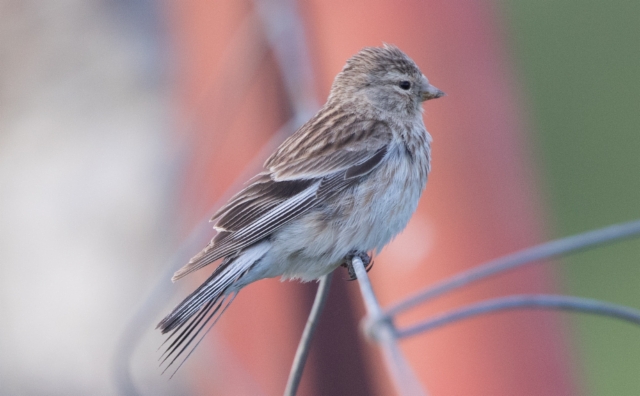 Vuorihemppo Carduelis flavirostris ssp miniakensis Twite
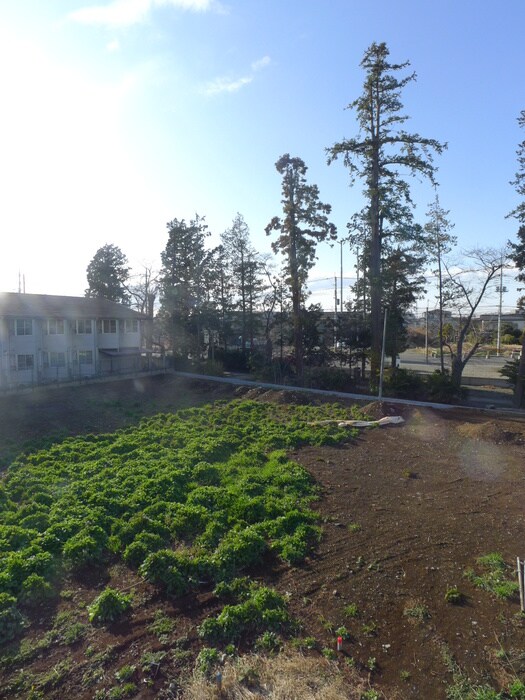 物件内観写真8　(室内からの展望)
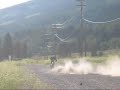 SUZUKI RM250 TWO STROKE SHOOT TO THRILL SUZUKI RM250 TWO STROKE SHOOT TO THRILL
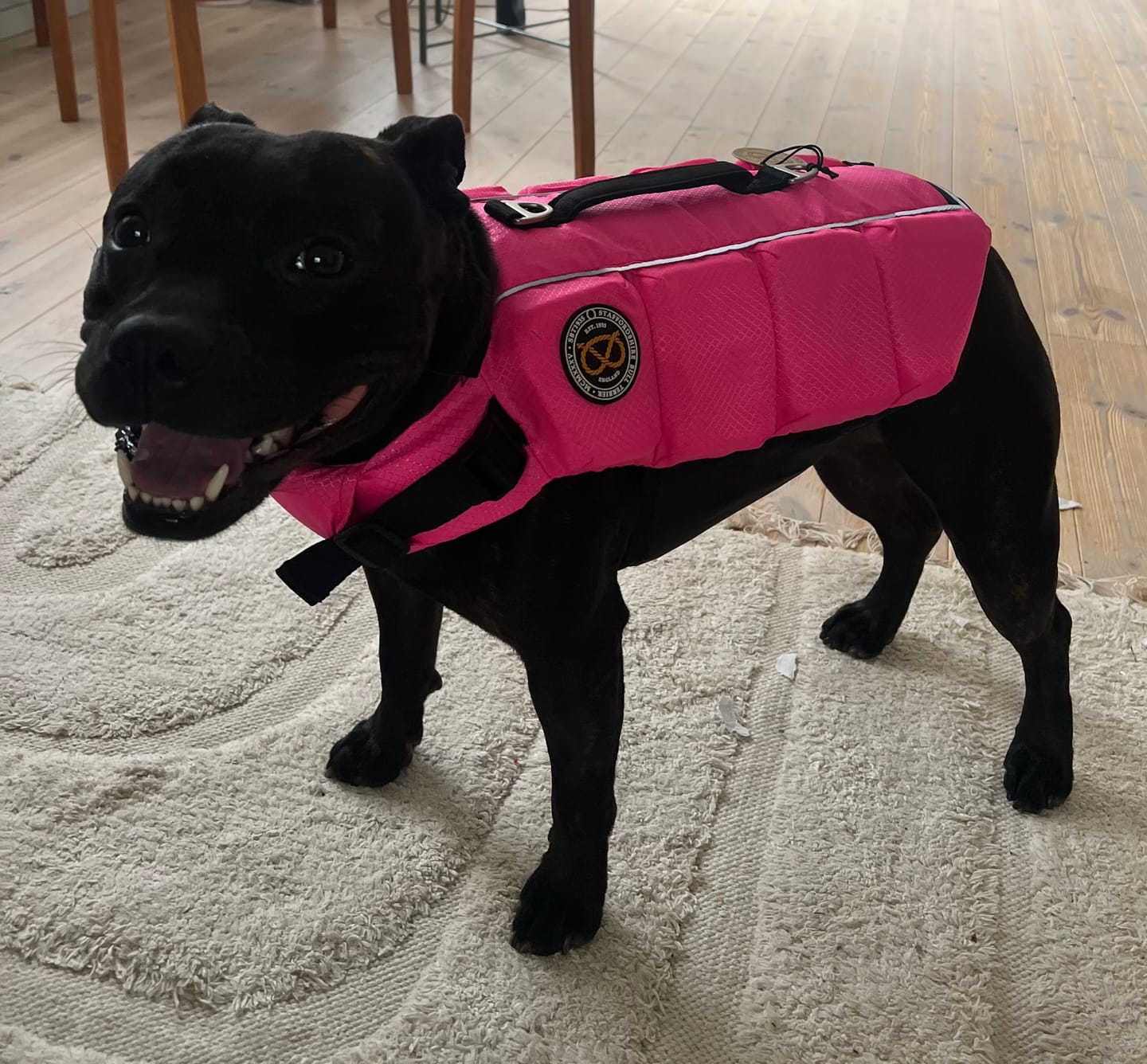 Customer photo review of Staffordshire Bull Terrier 1935® Life Jacket - Neon Pink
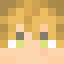 Minecraft players skin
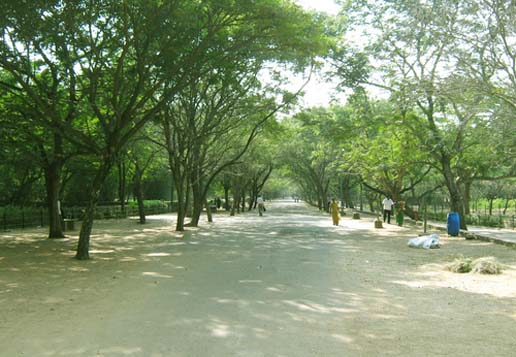 Arinjar Anna Zoological Park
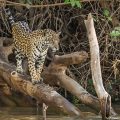Wilder Jaguar im Pantanal (Panthera onca,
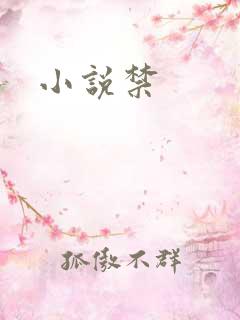 小说禁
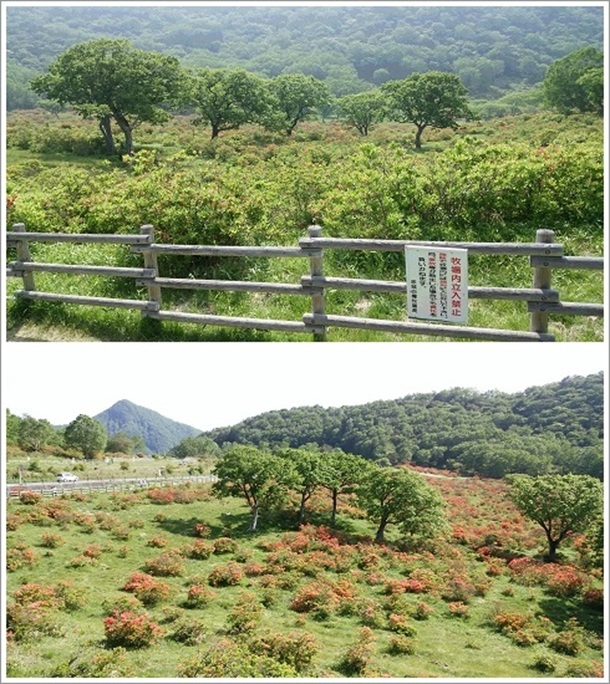 赤城山白樺牧場に咲くレンゲツツジ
☆ ☆ ☆
## To do
From the line containing "Arinjar Anna Zoological Park" through the final line of the listing, copy every line exactly and nothing else. Skip the pictures.

## Output
 Arinjar Anna Zoological Park
Wilder Jaguar im Pantanal (Panthera onca,
 小说禁
 赤城山白樺牧場に咲くレンゲツツジ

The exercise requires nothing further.